In Malaysia, 'Islamic civilization' is promoted

In a remote village that locals call the Sky Kingdom, Malaysian villagers revere a giant teapot and follow the teachings of an illiterate 61-year-old man who claims to be the reincarnation of holy figures from the world's major religions.

Kampung Batu 13 village in northeastern Malaysia and its 150 to 200 inhabitants are more than exotic local oddities, however. By demanding the right to leave Islam and follow their local guru, they have put themselves at the center of a larger debate over what kind of country Malaysia is going to be and whether this majority Muslim society will allow the freedom of worship enshrined in its constitution.

The outcome of the broader debate could have repercussions beyond Malaysia's borders. This country of 23 million residents is offering itself as a progressive model to an Islamic world divided between Muslims who believe they can co-exist with the Western world and fundamentalists who say they can't and shouldn't try.

Malaysian Prime Minister Abdullah Ahmad Badawi, an Islamic scholar by training, is trying to promote what he calls Islam Hadari. Roughly translated, it is Arabic for "Islamic civilization." Abdullah's somewhat vague version of Islam emphasizes economic and technological development, social justice and tolerance for other religions.

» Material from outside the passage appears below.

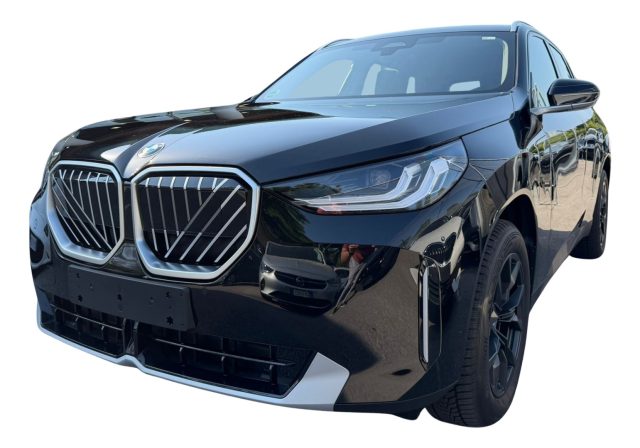 BMW X3 xDrive20 48V MSport usato a RIVIGNANO TEOR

Patricia Martinez, a specialist on Islam at the University of Malaya, is among some observers who believe his Islam Hadari could offer a moderate Southeast Asian alternative to Middle Eastern versions of the religion that feed Islamic extremism. To the United States, a victory for moderate Islam in Malaysia and beyond would be a victory in the war on Islamic terrorism and its sources. "What Malaysia does with its Islam is very important," Martinez says.

Mixed signals

Abdullah and his governing coalition won national elections in March, soundly defeating a Muslim opposition party that wants to turn Malaysia into an Islamic state.

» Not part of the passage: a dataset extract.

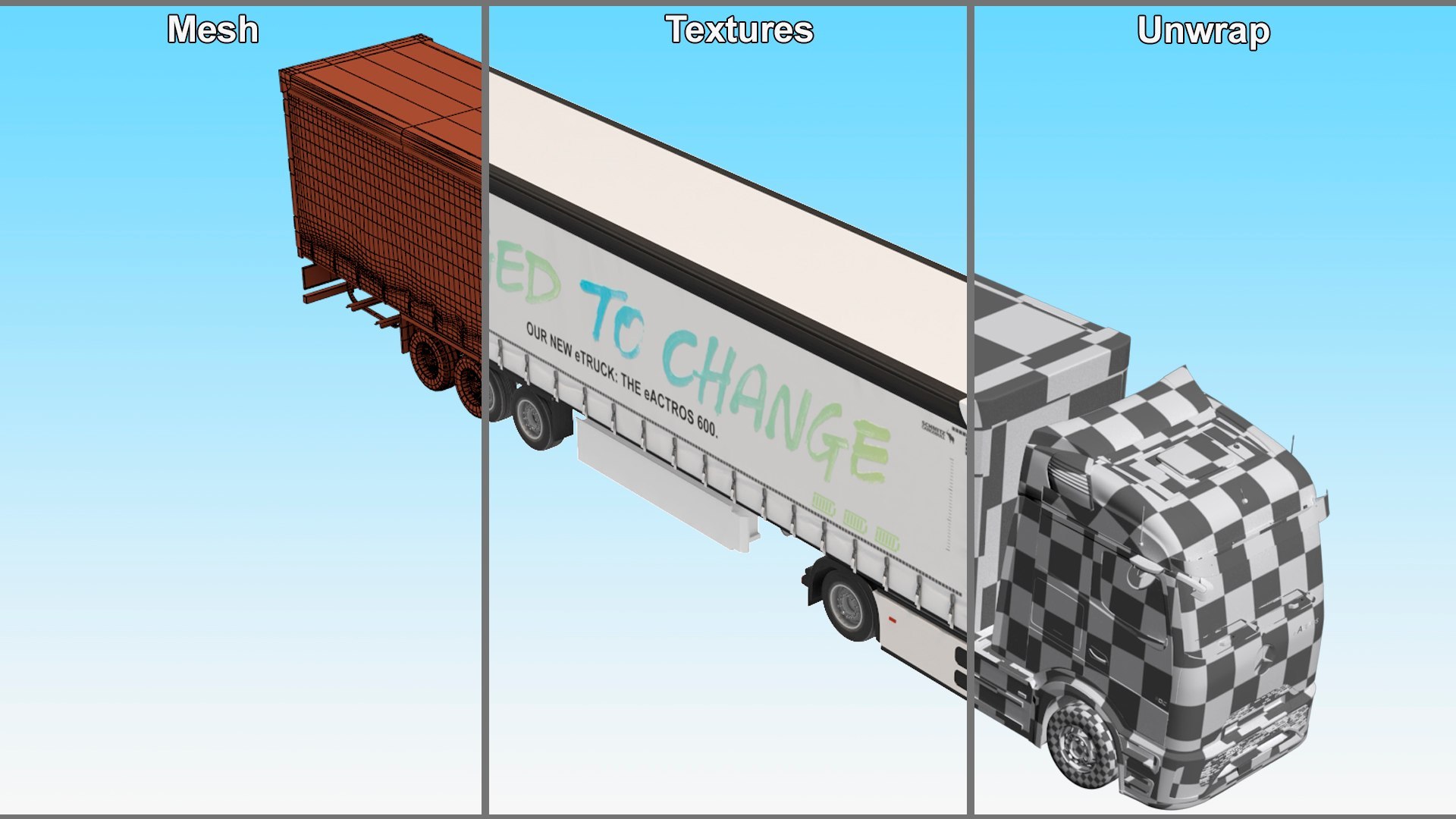 3D Electric Semi Trucks and Trailers Collection https://p.turbosquid.com/ts-thumb/Aj/r8WouP/3U/electric_semi_trucks_and_trailers_collection_063/jpg/1771345484/1920x1080/fit_q87/2789eb3ae9f32b35e35439951ec0a64070992802/electric_semi_trucks_and_trailers_collection_063.jpg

But Abdullah's own government and the country's courts, eager to avoid antagonizing the country's Muslim majority, have sent out mixed signals about their willingness to treat Muslims and non-Muslims equally. "While all of us are equal," attorney Malik Imtiaz quips, "some of us are more equal than others." Consider:

• In two controversial decisions this summer, Malaysia's courts refused to defend the rights of non-Muslims and of Muslims who want to leave Islam. In one case, the court ordered a Hindu woman to raise her children as Muslims after her ex-husband converted them to Islam without her permission. In the other, Malaysia's highest court refused to acknowledge the rights of four Kampung Batu 13 villagers to leave Islam. Instead, the justices upheld contempt-of-court rulings imposed by Muslim judges in a sharia (Islamic) court; lawyers for the four are petitioning the high court to reconsider its decision.

• Authorities banned Muslims from viewing the Mel Gibson film The Passion of the Christ this year, restricting showings to a handful of theaters. Tickets were sold through churches. (Even so, The Associated Press reported, 40,000 Malaysians saw the movie. Some Muslims bought tickets from Christian friends through the churches.)

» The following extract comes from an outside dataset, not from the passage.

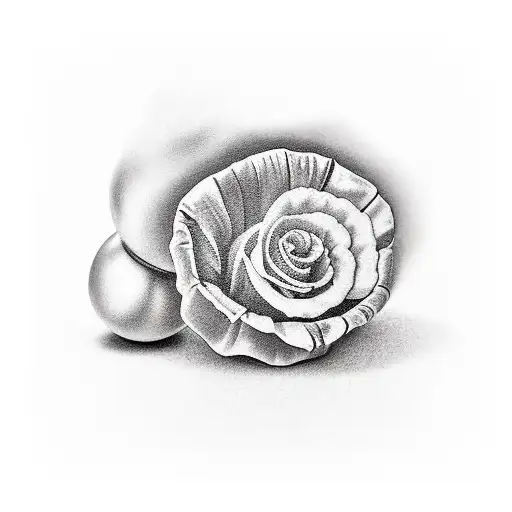 Black Pepper And Pot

• Islamic leaders are successfully fending off a campaign this year by women's and human rights groups seeking to criminalize marital rape. Muslim clerics and activists insist that Islam gives husbands the right to demand sex from their wives.

• The government last year stopped publication of a Christian Bible in Iban, the language of an indigenous Malaysian tribe, to prevent Christians from proselytizing.

Non-Muslims, who account for 40% of Malaysia's people, can worship freely. Unlike Muslims, however, they are forbidden from attempting to attract converts. And they sometimes run into official resistance when they want to open temples or churches. "Nobody has been told they can't go to their church," says Bridget Welsh, a Southeast Asia specialist at Johns Hopkins University. "They're told they can't take their church out and witness to other people."

Religion in Malaysia is tangled up with the politics of race. Ethnic Malays, who make up 58% of the population, are Muslim by definition, according to the government. Chinese, who tend to be Buddhist, account for 24%; ethnic Indians, mostly Hindus and Christians, represent another 8%.

Despite their numbers, Malays have lagged economically. Chinese entrepreneurs' domination of Malaysia's dynamic economy has caused resentment among the majority Malays. The country is still scarred by 1969 race riots led by ethnic Malays that left hundreds dead, most of them Chinese.

Politicians tried to ease tensions by showering favors on the Malay-Muslim majority. They get preference in civil-service jobs, government contracts and university slots.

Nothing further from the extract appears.